Calling balls and strikes can be a difficult job, but MLB umpire Nate Tomlinson had a particularly rough night behind the plate Friday night at Dodger Stadium in Los Angeles.
Unless you ask the Dodgers, that is.
The Giants ultimately walked away with a 7-5 victory over their longtime rivals after 11 hard-fought innings, but the balls and strikes Tomlinson called during the game nearly hand-delivered the Dodgers a win.
Tomlinson missed a total of 12 calls behind the plate Friday, calling two balls on batters that actually were strikes and 10 strikes that in fact were balls. His 86-percent called strike accuracy during the game was two percent lower than the league average, and his calls on the night resulted in an overall favor of plus-2.44 runs for Los Angeles.
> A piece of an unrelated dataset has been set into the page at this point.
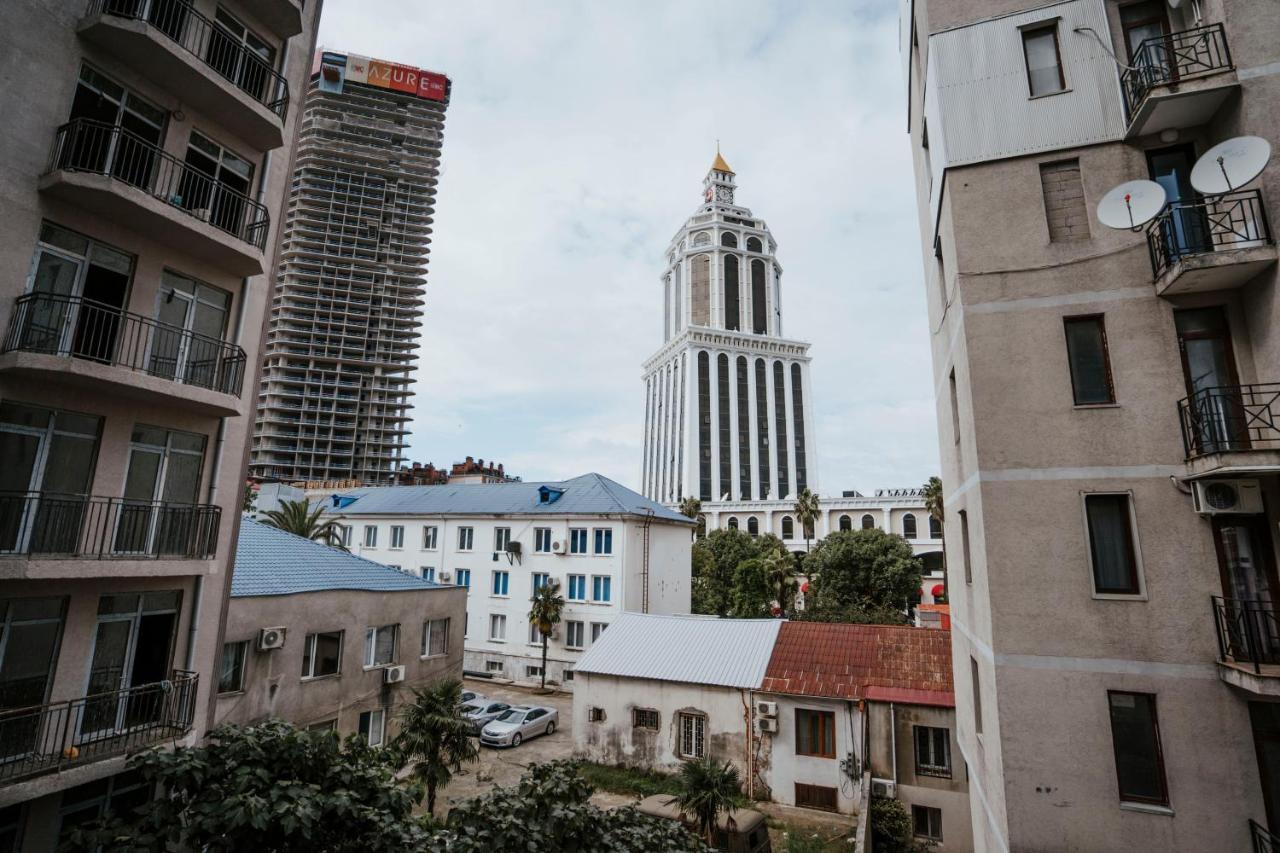 Hotel General Batumi Exterior photo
Per Umpire Scorecards, favor metrics represent the impact of an umpire on a team’s or game’s expected runs. Friday night’s 2.44 runs in favor of the Dodgers is the fourth-largest gap of the season in favor of a home team, behind umpire Edwin Moscoso’s 2.45 runs in favor of the San Diego Padres on Thursday, CB Bucknor’s 2.63 runs in the Texas Rangers’ favor April 1 and Lance Barksdale’s 3.17 runs in favor of the Kansas City Royals on May 26.
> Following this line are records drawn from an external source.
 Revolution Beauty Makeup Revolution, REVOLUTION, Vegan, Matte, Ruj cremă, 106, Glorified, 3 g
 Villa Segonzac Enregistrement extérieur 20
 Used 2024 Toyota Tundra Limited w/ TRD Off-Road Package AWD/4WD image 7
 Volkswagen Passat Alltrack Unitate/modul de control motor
So far this season, the Giants’ win over the Dodgers is just one of eight games this season with a favor metric greater than two runs.
On Friday night, the game’s most impactful missed call came in the top of the eighth inning, when Giants outfielder Mike Yastrzemski struck out looking on a full count with two outs and the bases loaded.
With a 5-4 lead, the missed call took away a prime opportunity for the Giants to tack on some insurance. It proved especially costly after the Dodgers came back to tie the game in the ninth.
The other two most impactful calls went against the Giants, too — a called strike three on Michael Conforto that was up in the zone in the top of fourth, and another called strike on Wilmer Flores in the second that also was too high.
In the grand scheme of things, the Giants pulled off a win over the Dodgers regardless. But with the NL West standings as tight as they are, every pitch is incredibly important — especially within the division.